PENNSYLVANIA HOUSE AND SENATE PLAY ONLINE GAMBLING PING PONG (Update)
House returns Bill 1887 with online gambling additions.
The interaction between the Pennsylvanian House and the state Senate has become increasingly like watching a game of ping pong as the two political establishments wrestle with online gambling legalization and court-ordered tax fixes in the dying days of the current political season.
Our readers may recall that on Wednesday the Senate sent bill H 1887 – a measure designed to address a tax fix ordered by the state Supreme Court – to the House for approval.
However, in doing so the senators completely ignored bill HB2150, an omnibus gambling measure that includes the legalization of US internet gambling and daily fantasy sports, which the House had approved and sent to the Senate in June this year.
The House reacted Thursday by batting H 1887 back to the Senate, approving the measure…but with the addition of an amendment introducing the legalization language taken from HB2150 as lawmakers tried another tack to get the Senate to move on the issue.
The Senate is not currently scheduled to meet again until after the elections on November 8, in what is probably the last window of opportunity this political season.
Reports from the state capital indicate that senators are not necessarily opposed to the legalization of online gambling, and that the resistance to HB2150 stems from concerns regarding the expansion of slots in the physical environment (also contained in the omnibus bill).
Nevertheless, it is clear that there is opposition, perhaps even sufficient to kill legalization’s chances this year and force a new initiative in the 2017 political season.
The chair of the Senate Appropriations Committee, Sen. Pat Browne, sounded a pessimistic note Thursday, telling local reporters that there is no guarantee that the revised and augmented H1887 will pass, and that he had hoped the House would not insist on including the gambling expansion amendment.

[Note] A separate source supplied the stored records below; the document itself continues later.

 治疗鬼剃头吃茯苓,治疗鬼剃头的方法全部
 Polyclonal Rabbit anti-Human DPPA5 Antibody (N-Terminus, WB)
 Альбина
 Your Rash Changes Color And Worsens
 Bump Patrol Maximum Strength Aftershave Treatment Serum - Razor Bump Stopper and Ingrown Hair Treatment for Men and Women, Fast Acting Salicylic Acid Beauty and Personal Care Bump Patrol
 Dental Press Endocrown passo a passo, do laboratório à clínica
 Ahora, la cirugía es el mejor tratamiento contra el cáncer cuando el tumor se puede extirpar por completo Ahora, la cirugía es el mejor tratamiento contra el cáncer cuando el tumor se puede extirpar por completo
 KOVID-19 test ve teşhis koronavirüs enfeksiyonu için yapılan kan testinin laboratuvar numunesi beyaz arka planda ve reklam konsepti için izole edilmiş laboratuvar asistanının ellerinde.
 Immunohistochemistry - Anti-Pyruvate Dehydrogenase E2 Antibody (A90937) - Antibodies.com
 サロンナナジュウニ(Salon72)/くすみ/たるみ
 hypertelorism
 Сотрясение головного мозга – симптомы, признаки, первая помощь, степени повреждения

He also noted that it has yet to be decided if the augmented bill will be voted on, and that not everyone in the senate was interested in seeing an expansion of gambling in the state.
That air of pessimism was expanded when the Republican general counsel in the Senate, Drew Compton, commented to reporters:
“We did what we did on gaming and I think that’s all we plan on doing for the rest of the year.”
Referring to the $100 million from legalized online gambling that would help shore up the states ailing budget, Compton said:
“We hope that come next year we’ll have some renewed energy in order to find the $100 million that we still know is pledged for the ’16-17 year.”
The Poker Players Alliance is now urging players who live in Pennsylvania to call their Senate political representatives and urge them to legalize now.